Aims and Fit of Module
This module introduces students to model-building as a basis for analyzing time-series data, and to the use of formal, mainly quantitative, methods for improving decision-making in complex and uncertain situations. It emphasizes the use and interpretation of techniques rather than mechanistic details. By using complete R code examples throughout, this module provides a practical foundation for performing statistical forecasting and decision-making.

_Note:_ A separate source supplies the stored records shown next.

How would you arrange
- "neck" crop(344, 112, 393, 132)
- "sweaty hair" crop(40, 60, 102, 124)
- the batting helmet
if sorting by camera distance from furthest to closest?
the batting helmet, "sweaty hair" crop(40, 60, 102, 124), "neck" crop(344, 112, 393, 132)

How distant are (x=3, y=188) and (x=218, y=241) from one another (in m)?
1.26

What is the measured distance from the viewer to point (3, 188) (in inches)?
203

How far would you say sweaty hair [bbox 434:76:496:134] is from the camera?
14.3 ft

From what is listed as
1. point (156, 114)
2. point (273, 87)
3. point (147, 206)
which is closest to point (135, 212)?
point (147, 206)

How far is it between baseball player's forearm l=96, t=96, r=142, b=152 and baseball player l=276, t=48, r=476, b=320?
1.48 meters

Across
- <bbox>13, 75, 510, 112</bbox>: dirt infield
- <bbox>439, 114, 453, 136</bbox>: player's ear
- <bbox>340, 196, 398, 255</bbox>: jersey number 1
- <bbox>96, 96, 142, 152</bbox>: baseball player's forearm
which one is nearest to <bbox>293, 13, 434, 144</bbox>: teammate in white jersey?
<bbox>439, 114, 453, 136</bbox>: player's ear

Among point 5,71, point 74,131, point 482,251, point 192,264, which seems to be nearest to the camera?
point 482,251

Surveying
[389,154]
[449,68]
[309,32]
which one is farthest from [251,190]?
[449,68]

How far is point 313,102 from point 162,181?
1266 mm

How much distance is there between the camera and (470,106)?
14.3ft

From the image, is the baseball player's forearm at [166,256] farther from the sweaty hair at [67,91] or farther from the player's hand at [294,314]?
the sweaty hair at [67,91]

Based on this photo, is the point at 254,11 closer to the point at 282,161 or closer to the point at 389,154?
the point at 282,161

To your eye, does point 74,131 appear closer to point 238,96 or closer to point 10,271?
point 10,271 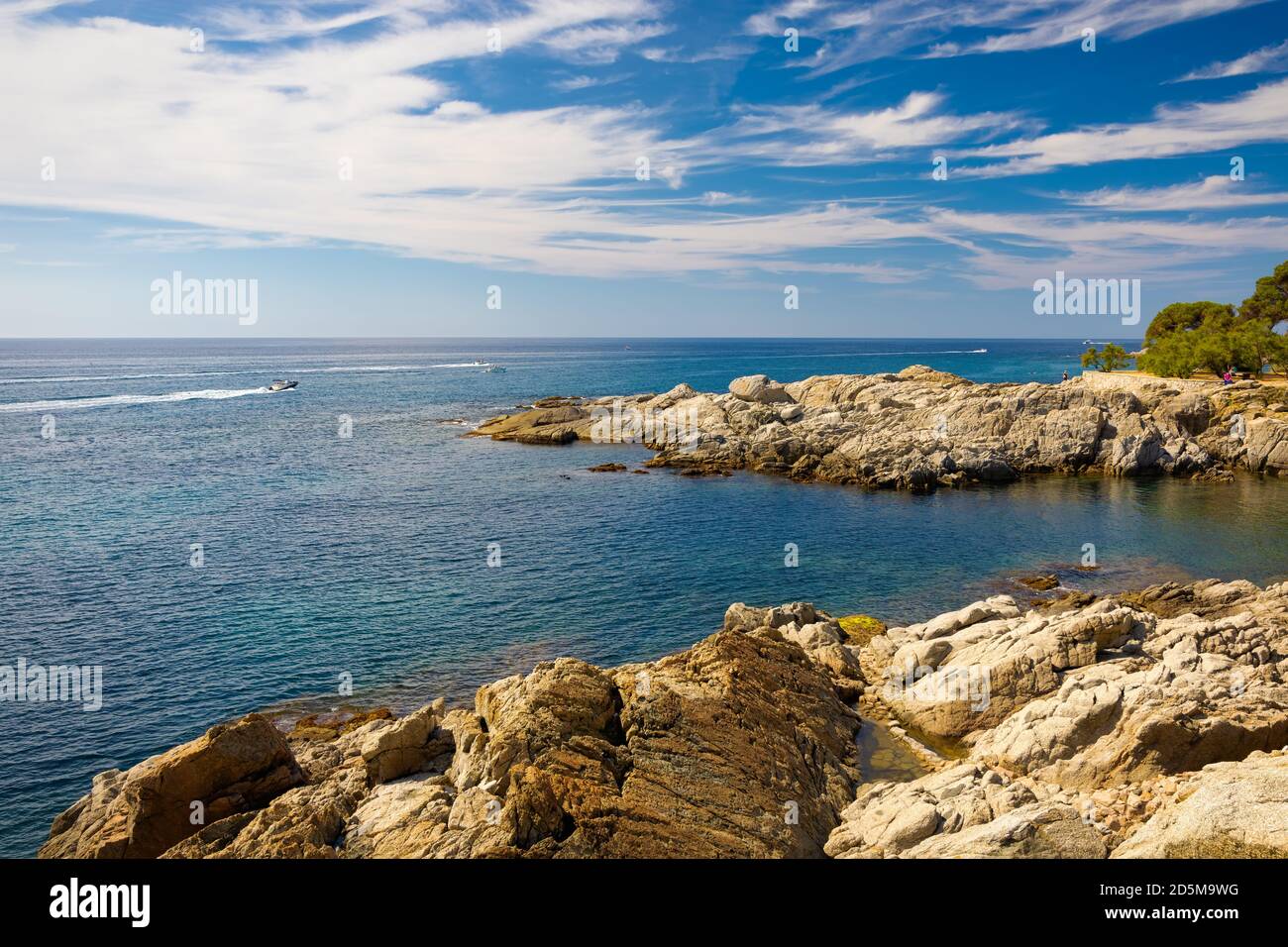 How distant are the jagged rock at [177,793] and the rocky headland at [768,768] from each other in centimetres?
6

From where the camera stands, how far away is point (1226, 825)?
44.4ft

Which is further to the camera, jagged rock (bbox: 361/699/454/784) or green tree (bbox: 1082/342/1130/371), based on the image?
green tree (bbox: 1082/342/1130/371)

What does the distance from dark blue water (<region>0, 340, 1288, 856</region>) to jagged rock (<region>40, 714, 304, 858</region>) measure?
2840 mm

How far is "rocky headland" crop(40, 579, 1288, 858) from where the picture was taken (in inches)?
634

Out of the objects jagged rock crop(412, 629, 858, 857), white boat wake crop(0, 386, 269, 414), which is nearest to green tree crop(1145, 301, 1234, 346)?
jagged rock crop(412, 629, 858, 857)

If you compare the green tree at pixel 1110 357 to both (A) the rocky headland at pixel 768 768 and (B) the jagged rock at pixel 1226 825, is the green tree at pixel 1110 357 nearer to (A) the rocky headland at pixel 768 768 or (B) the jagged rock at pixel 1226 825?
(A) the rocky headland at pixel 768 768

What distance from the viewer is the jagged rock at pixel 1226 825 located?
1287cm

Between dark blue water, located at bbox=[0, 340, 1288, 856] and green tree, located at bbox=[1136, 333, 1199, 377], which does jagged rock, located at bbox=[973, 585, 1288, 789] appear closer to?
dark blue water, located at bbox=[0, 340, 1288, 856]

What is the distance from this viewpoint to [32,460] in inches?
2970

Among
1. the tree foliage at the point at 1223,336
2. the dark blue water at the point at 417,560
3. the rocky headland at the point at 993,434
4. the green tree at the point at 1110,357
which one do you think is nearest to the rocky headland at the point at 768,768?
the dark blue water at the point at 417,560

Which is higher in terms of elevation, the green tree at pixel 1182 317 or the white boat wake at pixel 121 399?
the green tree at pixel 1182 317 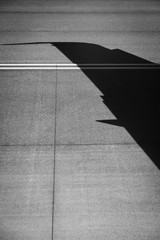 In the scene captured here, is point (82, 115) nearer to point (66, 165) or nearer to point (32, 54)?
point (66, 165)

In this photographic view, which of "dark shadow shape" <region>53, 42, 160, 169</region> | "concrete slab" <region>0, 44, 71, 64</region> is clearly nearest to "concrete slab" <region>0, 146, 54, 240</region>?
"dark shadow shape" <region>53, 42, 160, 169</region>

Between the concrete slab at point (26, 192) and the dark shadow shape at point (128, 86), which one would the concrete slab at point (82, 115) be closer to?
the dark shadow shape at point (128, 86)

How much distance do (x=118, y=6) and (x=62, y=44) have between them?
7.32m

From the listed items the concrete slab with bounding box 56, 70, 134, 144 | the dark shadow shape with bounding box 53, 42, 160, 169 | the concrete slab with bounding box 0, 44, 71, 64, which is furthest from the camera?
the concrete slab with bounding box 0, 44, 71, 64

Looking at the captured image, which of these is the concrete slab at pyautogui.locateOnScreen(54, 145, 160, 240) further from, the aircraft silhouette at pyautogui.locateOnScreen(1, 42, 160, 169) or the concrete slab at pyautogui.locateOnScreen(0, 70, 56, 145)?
the concrete slab at pyautogui.locateOnScreen(0, 70, 56, 145)

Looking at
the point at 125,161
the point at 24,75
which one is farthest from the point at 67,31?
the point at 125,161

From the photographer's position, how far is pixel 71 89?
8.18m

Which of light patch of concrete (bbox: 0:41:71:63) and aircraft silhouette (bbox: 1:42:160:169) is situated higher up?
aircraft silhouette (bbox: 1:42:160:169)

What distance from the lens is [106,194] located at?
4832 millimetres

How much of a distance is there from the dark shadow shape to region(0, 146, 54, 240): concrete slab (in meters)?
1.71

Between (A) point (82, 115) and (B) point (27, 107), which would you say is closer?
(A) point (82, 115)

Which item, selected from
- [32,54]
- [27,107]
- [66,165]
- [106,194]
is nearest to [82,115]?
[27,107]

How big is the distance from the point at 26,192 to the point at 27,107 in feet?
9.08

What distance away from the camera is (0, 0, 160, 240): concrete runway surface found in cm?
433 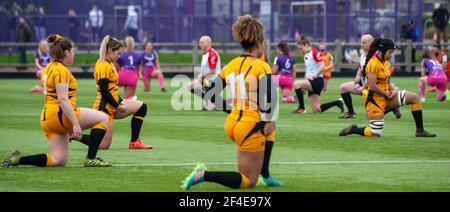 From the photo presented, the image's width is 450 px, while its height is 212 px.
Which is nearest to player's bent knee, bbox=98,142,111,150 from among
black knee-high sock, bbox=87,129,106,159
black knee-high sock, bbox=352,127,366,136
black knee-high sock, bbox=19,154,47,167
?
black knee-high sock, bbox=87,129,106,159

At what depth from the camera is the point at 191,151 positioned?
49.4 ft

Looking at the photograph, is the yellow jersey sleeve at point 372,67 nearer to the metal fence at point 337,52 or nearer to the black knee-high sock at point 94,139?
the black knee-high sock at point 94,139

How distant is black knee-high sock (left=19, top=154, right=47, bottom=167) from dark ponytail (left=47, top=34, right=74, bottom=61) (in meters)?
1.29

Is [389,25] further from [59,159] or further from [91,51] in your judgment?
[59,159]

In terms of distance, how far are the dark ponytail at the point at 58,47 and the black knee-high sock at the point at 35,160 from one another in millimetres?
1286

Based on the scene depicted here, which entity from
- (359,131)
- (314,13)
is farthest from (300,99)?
(314,13)

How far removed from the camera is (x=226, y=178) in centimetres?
1028

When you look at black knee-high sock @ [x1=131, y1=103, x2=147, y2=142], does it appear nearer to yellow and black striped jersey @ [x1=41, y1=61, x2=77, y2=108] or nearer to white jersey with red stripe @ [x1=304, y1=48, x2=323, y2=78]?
yellow and black striped jersey @ [x1=41, y1=61, x2=77, y2=108]

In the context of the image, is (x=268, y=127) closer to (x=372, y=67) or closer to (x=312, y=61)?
(x=372, y=67)

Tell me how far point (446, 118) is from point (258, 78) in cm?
1227

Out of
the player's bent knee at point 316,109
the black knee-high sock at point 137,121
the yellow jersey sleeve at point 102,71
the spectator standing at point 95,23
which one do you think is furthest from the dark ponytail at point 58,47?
the spectator standing at point 95,23

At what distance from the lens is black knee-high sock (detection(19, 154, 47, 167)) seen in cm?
1257

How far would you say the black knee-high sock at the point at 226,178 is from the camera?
10.2 meters

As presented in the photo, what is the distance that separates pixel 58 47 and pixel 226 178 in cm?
351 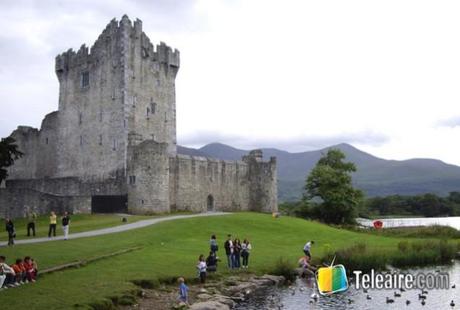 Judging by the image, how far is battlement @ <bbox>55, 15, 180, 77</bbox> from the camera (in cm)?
6097

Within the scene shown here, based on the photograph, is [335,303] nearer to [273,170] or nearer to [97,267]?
[97,267]

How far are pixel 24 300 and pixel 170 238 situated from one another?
19.8 metres

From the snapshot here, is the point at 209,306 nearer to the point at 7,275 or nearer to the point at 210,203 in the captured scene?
the point at 7,275

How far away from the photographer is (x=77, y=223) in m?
47.1

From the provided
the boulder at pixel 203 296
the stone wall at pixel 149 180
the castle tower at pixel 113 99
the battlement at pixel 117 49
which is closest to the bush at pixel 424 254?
the boulder at pixel 203 296

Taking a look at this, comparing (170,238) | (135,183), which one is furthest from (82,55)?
(170,238)

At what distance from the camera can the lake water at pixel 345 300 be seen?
2577cm

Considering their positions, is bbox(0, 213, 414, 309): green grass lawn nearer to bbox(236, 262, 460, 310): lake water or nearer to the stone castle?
bbox(236, 262, 460, 310): lake water

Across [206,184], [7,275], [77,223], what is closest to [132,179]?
[77,223]

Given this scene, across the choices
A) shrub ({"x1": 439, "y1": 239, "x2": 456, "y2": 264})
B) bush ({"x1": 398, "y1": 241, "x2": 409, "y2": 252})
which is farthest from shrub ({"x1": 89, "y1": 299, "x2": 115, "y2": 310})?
shrub ({"x1": 439, "y1": 239, "x2": 456, "y2": 264})

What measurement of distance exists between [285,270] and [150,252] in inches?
313

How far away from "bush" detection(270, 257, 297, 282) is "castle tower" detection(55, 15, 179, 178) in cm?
2916

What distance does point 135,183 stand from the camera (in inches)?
2205

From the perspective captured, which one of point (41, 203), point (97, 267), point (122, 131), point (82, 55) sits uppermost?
point (82, 55) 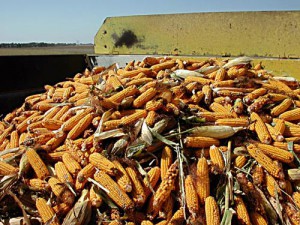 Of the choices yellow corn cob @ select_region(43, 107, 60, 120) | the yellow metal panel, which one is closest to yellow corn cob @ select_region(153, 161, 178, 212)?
yellow corn cob @ select_region(43, 107, 60, 120)

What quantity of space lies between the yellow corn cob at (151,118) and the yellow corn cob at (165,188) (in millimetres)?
459

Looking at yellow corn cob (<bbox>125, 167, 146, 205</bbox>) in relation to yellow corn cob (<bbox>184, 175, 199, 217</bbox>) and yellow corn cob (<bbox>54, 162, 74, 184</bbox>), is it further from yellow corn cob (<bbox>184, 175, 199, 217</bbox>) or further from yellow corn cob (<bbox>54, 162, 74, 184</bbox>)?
yellow corn cob (<bbox>54, 162, 74, 184</bbox>)

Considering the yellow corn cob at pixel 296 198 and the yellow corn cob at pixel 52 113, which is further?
the yellow corn cob at pixel 52 113

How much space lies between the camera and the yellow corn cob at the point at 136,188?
8.57 feet

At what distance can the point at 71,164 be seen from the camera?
9.46 feet

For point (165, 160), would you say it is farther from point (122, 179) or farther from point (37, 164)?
point (37, 164)

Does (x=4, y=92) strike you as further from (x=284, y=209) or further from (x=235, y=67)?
(x=284, y=209)

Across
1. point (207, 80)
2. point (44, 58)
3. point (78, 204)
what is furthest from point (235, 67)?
point (44, 58)

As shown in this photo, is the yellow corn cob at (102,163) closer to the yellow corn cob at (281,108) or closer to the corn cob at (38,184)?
the corn cob at (38,184)

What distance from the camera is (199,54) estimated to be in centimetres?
596

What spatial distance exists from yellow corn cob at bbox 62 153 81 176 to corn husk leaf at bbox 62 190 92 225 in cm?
27

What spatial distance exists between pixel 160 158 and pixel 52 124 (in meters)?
1.19

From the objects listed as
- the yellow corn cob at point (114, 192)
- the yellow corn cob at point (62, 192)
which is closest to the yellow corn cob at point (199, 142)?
the yellow corn cob at point (114, 192)

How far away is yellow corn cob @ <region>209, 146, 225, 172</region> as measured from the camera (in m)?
2.76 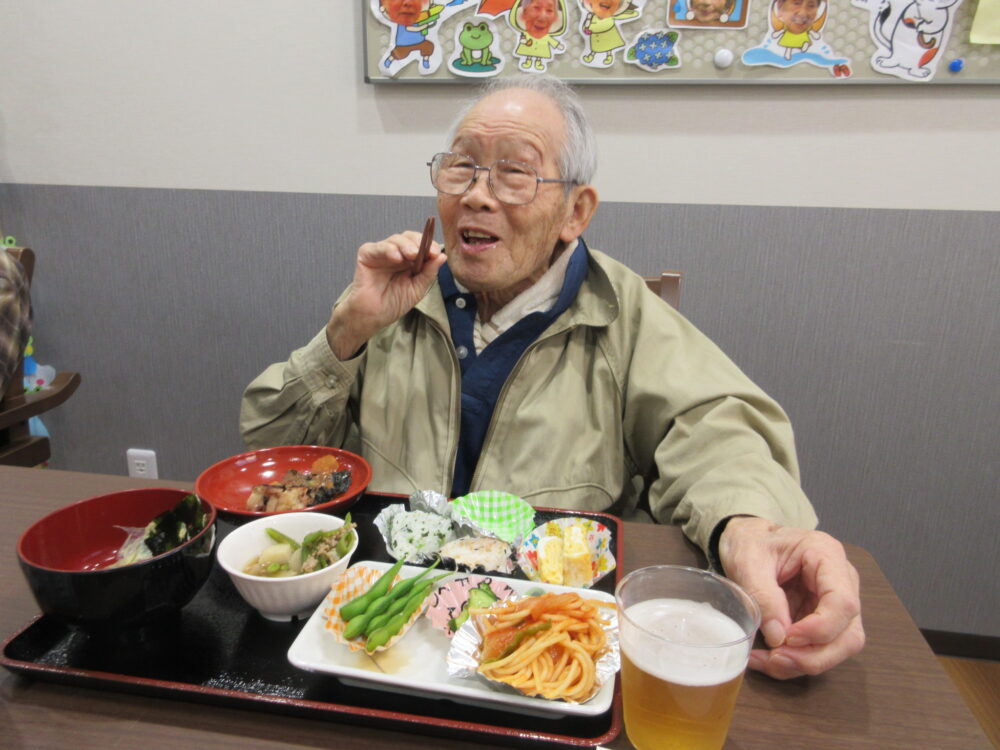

It equips students with more advanced forecasting and decision-making models.
Learning outcomes
A Demonstrate a critical understanding of advanced econometric models in time-seriesB Formulate, estimate and conduct tests of hypotheses using time series data
C Conduct forecasts in time series models and build appropriate models of volatility
D Demonstrate an understanding of a variety of approaches to model-building and decision support in the context of biology
E Apply analytical models/methods for statistic forecasting and decision-making in practical scenarios,understand how they work, and be able to implement them within a programming language
Method of teaching and learning
Course content will be delivered primarily via standard lectures that will be accompanied by suitable lecture handouts (also available on LMO). Students will also be guided to sections of specific textbooks and if reading of specific reviews or source literature is required, then copies of these will be made available to the students. Tutorials will be given as a platform to address any specific question or issue from individual students.